→ **Supplied information**
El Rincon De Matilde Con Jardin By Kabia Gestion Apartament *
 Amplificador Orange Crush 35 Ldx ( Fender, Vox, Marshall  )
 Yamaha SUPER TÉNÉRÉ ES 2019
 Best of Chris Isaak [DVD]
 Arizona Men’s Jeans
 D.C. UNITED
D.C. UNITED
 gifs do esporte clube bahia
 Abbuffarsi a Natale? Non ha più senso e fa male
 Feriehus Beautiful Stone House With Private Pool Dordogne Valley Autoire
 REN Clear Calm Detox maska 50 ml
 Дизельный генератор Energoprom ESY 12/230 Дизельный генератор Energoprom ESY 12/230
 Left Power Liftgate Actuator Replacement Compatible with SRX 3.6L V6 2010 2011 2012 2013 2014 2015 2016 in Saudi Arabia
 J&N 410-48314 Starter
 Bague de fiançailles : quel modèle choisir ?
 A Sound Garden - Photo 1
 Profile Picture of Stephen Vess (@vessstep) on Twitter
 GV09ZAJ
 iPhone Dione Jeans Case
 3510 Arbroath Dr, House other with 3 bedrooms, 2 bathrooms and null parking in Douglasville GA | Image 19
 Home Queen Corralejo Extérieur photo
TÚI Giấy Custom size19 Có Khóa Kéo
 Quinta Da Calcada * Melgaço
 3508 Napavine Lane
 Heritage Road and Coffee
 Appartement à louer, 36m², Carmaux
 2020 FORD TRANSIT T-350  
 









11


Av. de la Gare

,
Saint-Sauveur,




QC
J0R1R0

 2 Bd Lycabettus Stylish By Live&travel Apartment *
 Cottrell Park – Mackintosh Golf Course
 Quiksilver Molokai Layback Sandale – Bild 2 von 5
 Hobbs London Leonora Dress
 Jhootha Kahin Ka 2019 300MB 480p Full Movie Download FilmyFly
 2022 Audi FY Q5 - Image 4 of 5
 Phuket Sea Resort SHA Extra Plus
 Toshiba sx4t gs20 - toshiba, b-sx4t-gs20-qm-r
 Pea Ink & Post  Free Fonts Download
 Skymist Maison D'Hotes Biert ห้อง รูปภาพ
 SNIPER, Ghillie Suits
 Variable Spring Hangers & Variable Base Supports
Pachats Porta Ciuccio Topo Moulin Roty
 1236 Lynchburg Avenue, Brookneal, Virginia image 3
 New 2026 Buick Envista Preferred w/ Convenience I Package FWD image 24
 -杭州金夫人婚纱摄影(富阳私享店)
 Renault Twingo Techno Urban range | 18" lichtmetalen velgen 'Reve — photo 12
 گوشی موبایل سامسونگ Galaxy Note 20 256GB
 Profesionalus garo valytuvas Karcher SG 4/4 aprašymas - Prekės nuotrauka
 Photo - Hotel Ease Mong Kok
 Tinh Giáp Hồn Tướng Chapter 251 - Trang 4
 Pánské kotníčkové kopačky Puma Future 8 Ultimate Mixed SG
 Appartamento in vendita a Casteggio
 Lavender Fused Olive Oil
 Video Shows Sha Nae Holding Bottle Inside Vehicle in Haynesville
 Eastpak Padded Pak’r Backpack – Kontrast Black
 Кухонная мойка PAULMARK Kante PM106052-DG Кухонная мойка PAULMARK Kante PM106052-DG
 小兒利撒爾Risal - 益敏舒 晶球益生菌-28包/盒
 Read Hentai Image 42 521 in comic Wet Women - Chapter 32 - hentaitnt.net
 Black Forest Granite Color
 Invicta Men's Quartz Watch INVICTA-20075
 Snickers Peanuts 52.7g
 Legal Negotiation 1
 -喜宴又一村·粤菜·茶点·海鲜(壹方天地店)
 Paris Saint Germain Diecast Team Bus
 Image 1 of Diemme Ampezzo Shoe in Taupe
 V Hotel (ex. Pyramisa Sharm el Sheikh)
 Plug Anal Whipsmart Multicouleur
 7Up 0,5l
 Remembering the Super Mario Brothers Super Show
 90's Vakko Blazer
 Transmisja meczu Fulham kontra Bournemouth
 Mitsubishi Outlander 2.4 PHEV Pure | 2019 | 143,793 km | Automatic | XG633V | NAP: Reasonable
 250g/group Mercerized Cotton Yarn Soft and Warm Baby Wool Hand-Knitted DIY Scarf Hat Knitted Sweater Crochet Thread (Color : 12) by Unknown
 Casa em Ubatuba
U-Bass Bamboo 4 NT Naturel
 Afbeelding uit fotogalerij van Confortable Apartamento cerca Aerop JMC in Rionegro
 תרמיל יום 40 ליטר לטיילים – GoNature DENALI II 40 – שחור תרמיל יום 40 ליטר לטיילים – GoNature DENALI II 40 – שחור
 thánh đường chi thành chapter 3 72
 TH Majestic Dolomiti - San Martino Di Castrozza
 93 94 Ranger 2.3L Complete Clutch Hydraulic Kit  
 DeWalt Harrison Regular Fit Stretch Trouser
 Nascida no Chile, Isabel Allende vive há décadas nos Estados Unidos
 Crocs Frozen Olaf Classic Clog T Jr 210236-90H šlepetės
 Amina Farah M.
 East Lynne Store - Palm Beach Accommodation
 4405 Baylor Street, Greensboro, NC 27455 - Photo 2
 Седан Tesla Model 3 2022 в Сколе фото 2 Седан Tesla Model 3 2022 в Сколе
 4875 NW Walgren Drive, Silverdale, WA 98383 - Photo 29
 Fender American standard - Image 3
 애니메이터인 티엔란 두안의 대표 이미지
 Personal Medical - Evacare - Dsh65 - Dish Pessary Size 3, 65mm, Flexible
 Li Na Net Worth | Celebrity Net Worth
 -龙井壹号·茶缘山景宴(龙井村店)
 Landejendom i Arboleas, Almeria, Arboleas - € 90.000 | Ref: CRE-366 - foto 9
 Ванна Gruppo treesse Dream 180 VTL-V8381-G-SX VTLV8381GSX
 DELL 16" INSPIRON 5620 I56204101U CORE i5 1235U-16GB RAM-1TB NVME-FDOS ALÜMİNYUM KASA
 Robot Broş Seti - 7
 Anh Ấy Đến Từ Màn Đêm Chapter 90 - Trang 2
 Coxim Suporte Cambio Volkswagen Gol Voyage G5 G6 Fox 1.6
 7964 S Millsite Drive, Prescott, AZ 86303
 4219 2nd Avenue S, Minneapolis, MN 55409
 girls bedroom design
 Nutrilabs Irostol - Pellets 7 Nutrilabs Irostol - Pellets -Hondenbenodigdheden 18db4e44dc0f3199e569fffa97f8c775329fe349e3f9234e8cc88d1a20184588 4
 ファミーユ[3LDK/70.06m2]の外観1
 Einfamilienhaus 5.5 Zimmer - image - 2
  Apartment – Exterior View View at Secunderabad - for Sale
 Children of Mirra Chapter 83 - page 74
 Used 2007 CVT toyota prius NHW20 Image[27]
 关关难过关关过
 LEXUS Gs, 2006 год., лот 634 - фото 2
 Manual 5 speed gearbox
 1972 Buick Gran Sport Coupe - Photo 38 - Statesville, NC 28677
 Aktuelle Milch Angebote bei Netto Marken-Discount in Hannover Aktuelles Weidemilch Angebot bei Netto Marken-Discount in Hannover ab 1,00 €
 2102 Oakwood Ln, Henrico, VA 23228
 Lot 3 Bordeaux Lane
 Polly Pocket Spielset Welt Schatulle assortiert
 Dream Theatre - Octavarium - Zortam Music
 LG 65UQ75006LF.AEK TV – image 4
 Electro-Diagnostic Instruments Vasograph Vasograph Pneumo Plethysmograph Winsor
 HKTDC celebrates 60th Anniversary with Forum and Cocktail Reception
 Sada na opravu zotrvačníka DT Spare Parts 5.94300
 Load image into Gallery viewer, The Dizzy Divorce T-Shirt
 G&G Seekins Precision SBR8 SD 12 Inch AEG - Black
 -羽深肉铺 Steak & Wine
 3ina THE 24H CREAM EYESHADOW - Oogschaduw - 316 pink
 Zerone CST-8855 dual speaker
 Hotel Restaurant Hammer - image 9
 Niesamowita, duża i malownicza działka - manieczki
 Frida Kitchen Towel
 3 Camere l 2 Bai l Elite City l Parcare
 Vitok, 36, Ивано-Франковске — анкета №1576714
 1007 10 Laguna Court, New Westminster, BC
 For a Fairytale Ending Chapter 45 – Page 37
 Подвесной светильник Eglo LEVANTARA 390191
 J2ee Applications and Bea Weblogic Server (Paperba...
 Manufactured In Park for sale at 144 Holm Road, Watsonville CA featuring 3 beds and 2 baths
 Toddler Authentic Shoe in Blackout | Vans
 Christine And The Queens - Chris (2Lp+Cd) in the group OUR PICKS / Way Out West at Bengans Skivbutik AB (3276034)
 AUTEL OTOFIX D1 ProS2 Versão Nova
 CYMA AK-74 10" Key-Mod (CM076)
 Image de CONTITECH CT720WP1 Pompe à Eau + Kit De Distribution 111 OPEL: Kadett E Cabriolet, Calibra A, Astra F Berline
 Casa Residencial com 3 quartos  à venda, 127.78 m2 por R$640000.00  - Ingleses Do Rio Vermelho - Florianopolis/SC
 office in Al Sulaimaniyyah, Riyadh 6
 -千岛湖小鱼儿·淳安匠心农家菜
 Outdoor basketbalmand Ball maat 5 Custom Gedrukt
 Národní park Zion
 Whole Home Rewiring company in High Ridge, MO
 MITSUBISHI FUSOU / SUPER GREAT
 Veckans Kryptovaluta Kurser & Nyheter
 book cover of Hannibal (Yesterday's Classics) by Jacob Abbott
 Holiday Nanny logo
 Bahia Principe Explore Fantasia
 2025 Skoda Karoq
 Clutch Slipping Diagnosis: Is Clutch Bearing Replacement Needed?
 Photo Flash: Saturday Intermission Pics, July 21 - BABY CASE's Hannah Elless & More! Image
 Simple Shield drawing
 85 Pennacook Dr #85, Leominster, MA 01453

→ **Description of the task**
This task calls for an exact reproduction of the lines that start at the one containing "Hotel Restaurant Hammer - image 9" and continue to the end of the entries above.

→ **Problem solution**
 Hotel Restaurant Hammer - image 9
 Niesamowita, duża i malownicza działka - manieczki
 Frida Kitchen Towel
 3 Camere l 2 Bai l Elite City l Parcare
 Vitok, 36, Ивано-Франковске — анкета №1576714
 1007 10 Laguna Court, New Westminster, BC
 For a Fairytale Ending Chapter 45 – Page 37
 Подвесной светильник Eglo LEVANTARA 390191
 J2ee Applications and Bea Weblogic Server (Paperba...
 Manufactured In Park for sale at 144 Holm Road, Watsonville CA featuring 3 beds and 2 baths
 Toddler Authentic Shoe in Blackout | Vans
 Christine And The Queens - Chris (2Lp+Cd) in the group OUR PICKS / Way Out West at Bengans Skivbutik AB (3276034)
 AUTEL OTOFIX D1 ProS2 Versão Nova
 CYMA AK-74 10" Key-Mod (CM076)
 Image de CONTITECH CT720WP1 Pompe à Eau + Kit De Distribution 111 OPEL: Kadett E Cabriolet, Calibra A, Astra F Berline
 Casa Residencial com 3 quartos  à venda, 127.78 m2 por R$640000.00  - Ingleses Do Rio Vermelho - Florianopolis/SC
 office in Al Sulaimaniyyah, Riyadh 6
 -千岛湖小鱼儿·淳安匠心农家菜
 Outdoor basketbalmand Ball maat 5 Custom Gedrukt
 Národní park Zion
 Whole Home Rewiring company in High Ridge, MO
 MITSUBISHI FUSOU / SUPER GREAT
 Veckans Kryptovaluta Kurser & Nyheter
 book cover of Hannibal (Yesterday's Classics) by Jacob Abbott
 Holiday Nanny logo
 Bahia Principe Explore Fantasia
 2025 Skoda Karoq
 Clutch Slipping Diagnosis: Is Clutch Bearing Replacement Needed?
 Photo Flash: Saturday Intermission Pics, July 21 - BABY CASE's Hannah Elless & More! Image
 Simple Shield drawing
 85 Pennacook Dr #85, Leominster, MA 01453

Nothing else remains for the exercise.